Waiting time and Dead Trips: When getting a flat rate quote for piano moving, it is based on the piano mover getting in, doing his business and getting out. The quote is not based on him waiting around for you or coming back another time because you have not got your keys yet. Whatever you do make sure you are waiting for him and not the other way around, otherwise you will get the surprised charge of waiting time. If you are not sure when you are going to get your keys, book it for pickup one day and deliver the next. Most piano movers will not charge extra for this (or a nominal charge) as long as it is planned properly in advance. If they go and cannot deliver and have to rebook for another day is what they call a dead trip and incurs a redelivery charge which could be as high as paying for a second move plus storage charges.
Time commitments: There was a day when you wouldn’t get charged for this, because the piano mover could obsorb the cost into the piano move. With the cost of inflation over the last number of years (labour, fuel and truck service) and an ecomony where every penny is squeezed out of companies; those days are virtually gone. The new norm is: The mover is giving the best rate he can (you don’t even have to ask for it), but you have to be available all day so that he can route his truck the most efficient way possible to help him reduce his fuel and labour expenses. He’ll give you a better idea of timing on the actual delivery day, but you have to be available ALL DAY. If you want a smaller time window, then be prepared to pay for it, because the piano mover is going to have to back track or do some sort of poor routing to meet your time commitment, which means more fuel to burn and longer work days. It may not seem like a big deal to you, but it is a big deal to the piano movers, even if they are not letting on to it.
So what does it cost to move a piano? If you have not noticed yet, there are a lot of factors that go into determining the cost of piano moving and those cost are different in one part of the country to another part of the country. A good piano mover will streamline this process to it’s most basic elements, but everything above plays into the cost of moving a piano. I’ve seen some moves in some part of the country go for $100 and others for a couple thousand depending on the distance being travelled. Right now, on average it will fall in the $200-500 range plus tax, but it all comes back to the variables of your specific move.

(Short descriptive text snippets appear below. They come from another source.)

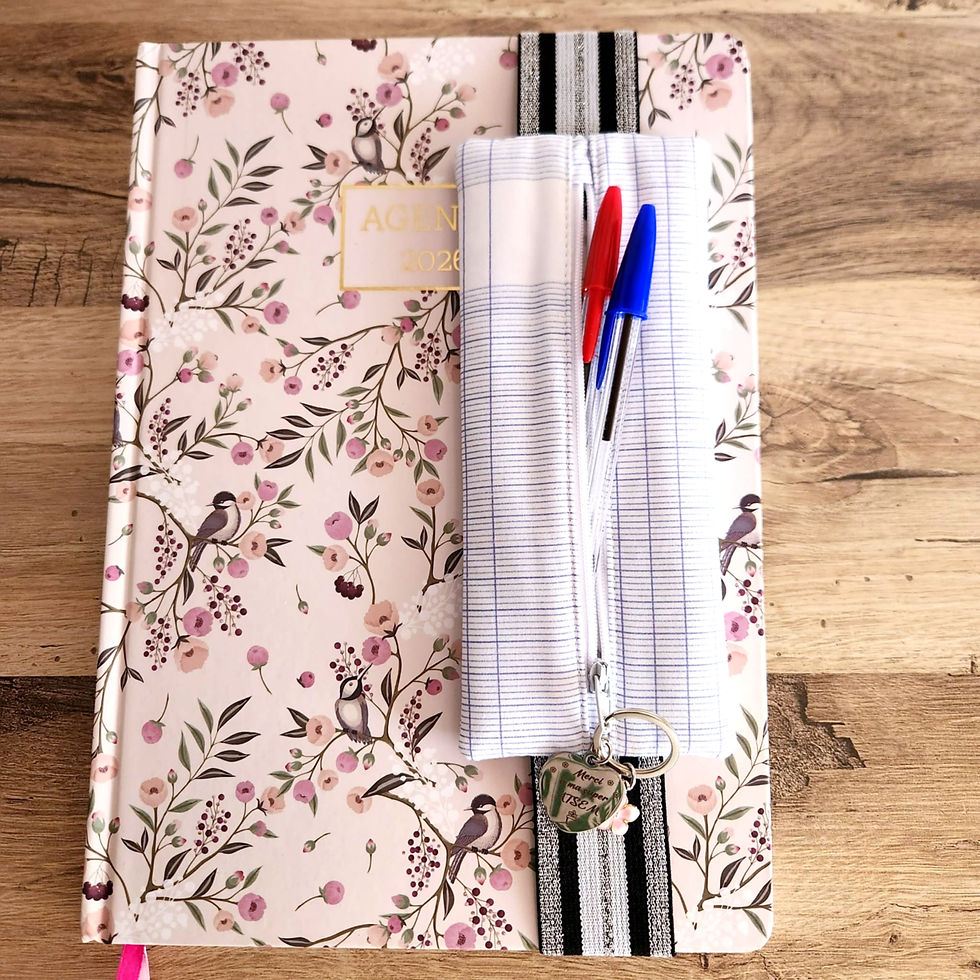 Miniature : Trousse Marque Page - Merci à ma Super Atsem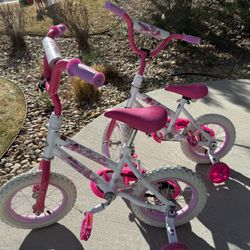 Two 12” Huffy Girls Bikes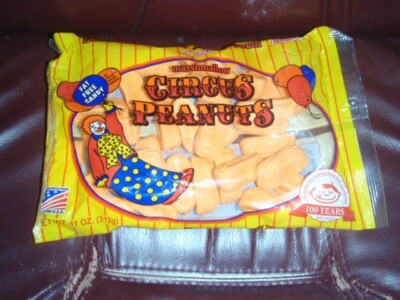 MELSTER  Circus Peanuts Marshmallow Fat Free Candy 11OZ BAG
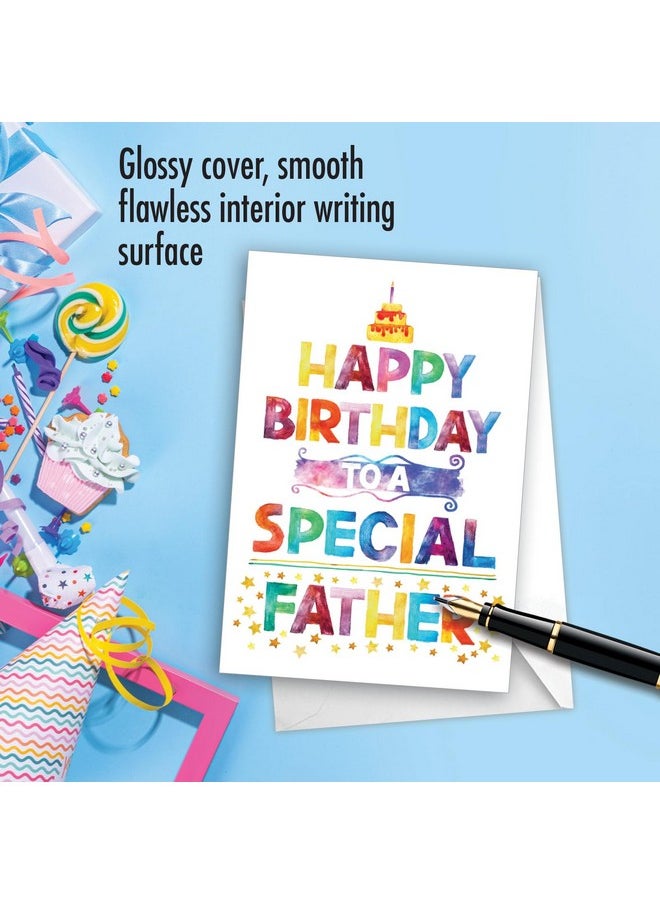 NobleWorks - Birthday Father Greeting Card With 5 X 7 Inch Envelope (1 Card) Dad Special Father C10627Bfg - Image 1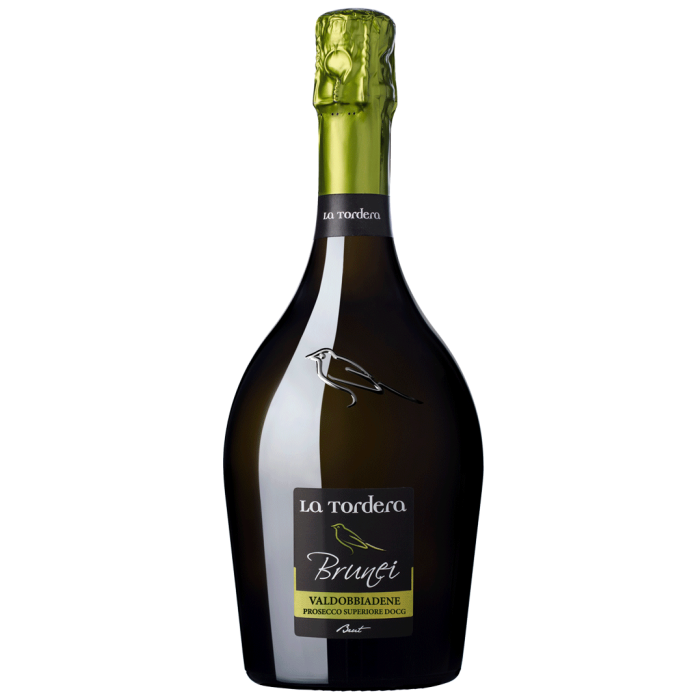 Prosecco La Tordera Brunei Valdobbiadene Brut DOCG 0,75L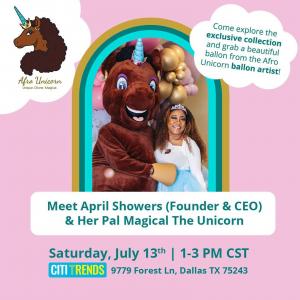Meet April Showers and Magical the Unicorn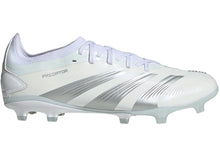 Load image into Gallery viewer, adidas Predator 24 Pro FG Cloud White Silver Metallic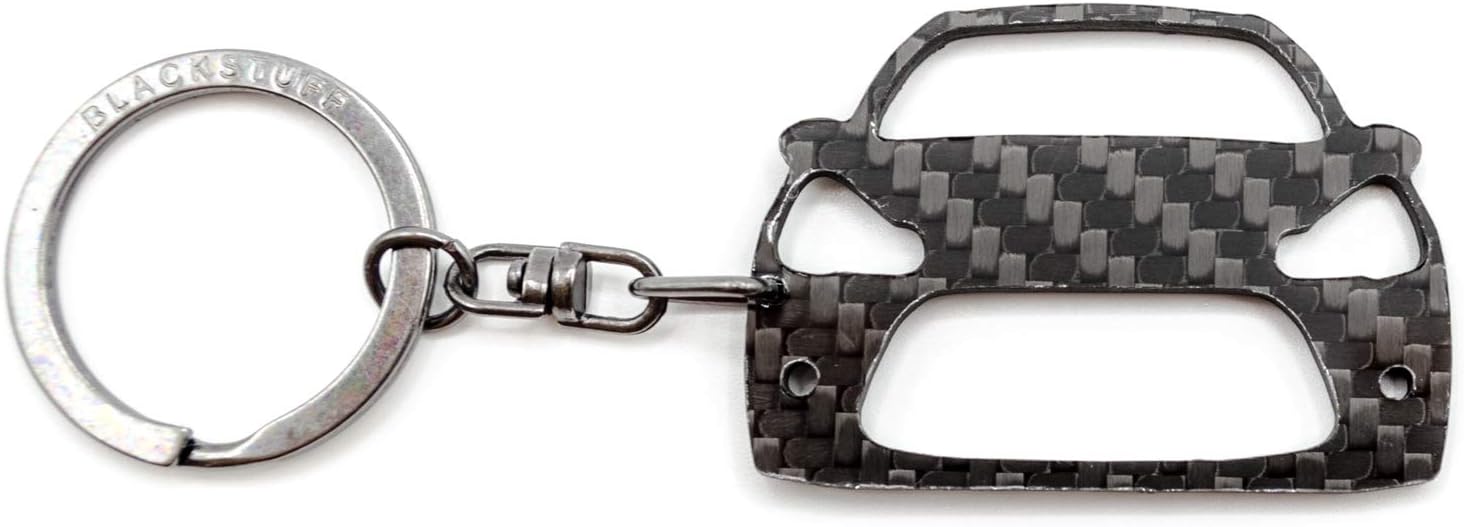 BlackStuff Carbon Fiber Keychain Keyring Ring Holder Compatible with C3 2010 Vts BS-710 - Image 3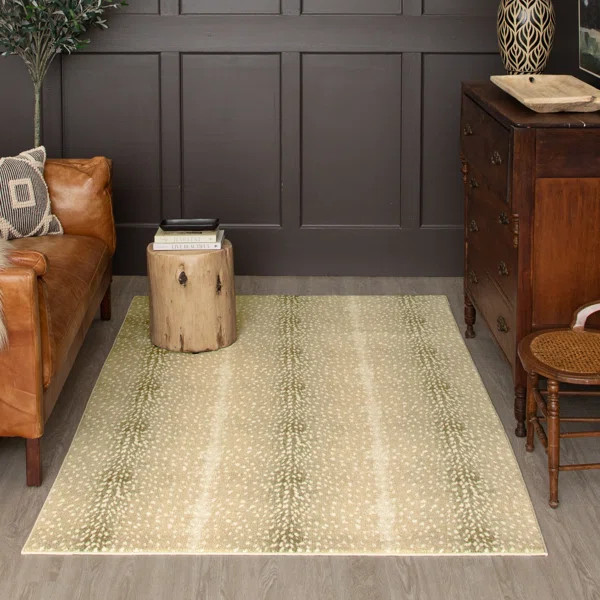 Towanna Animal Print Tufted Brown Area Rug | Wayfair North America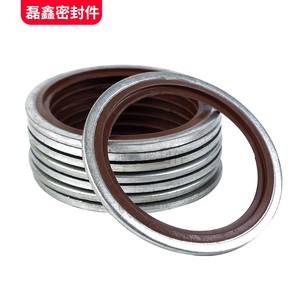 ปะเก็นผสมฟลูออโรรับเบอร์สแตนเลส 2 มม. แหวนซีลอเนกประสงค์ทนอุณหภูมิสูง - Product Image 5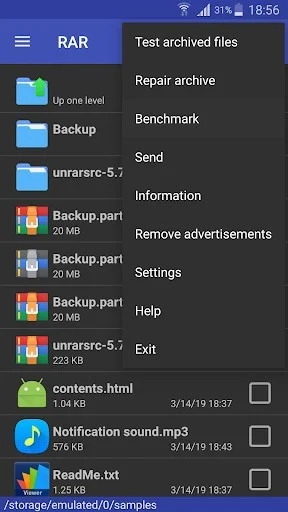 RAR for Android — изображение 5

Pricing around piano movers: When it comes to piano movers or any mover for that matter, they are NOT all equal. When you shop around do not think for a minute that you are comparing the same quality of service. Generally you will find that the pricing is fairly close between them. With that information in mind, stick with the most reputable. It may cost a few extra dollars up front to go with the more reputable mover, but think of it like insurance. The odds of a claim are that much less and if there is a claim; you are more likely going to get service. There are a lot of the cheap movers say they are insured, but do not stand behind there workmanship when things go wrong. I cannot stress this enough: Use a reputable piano mover!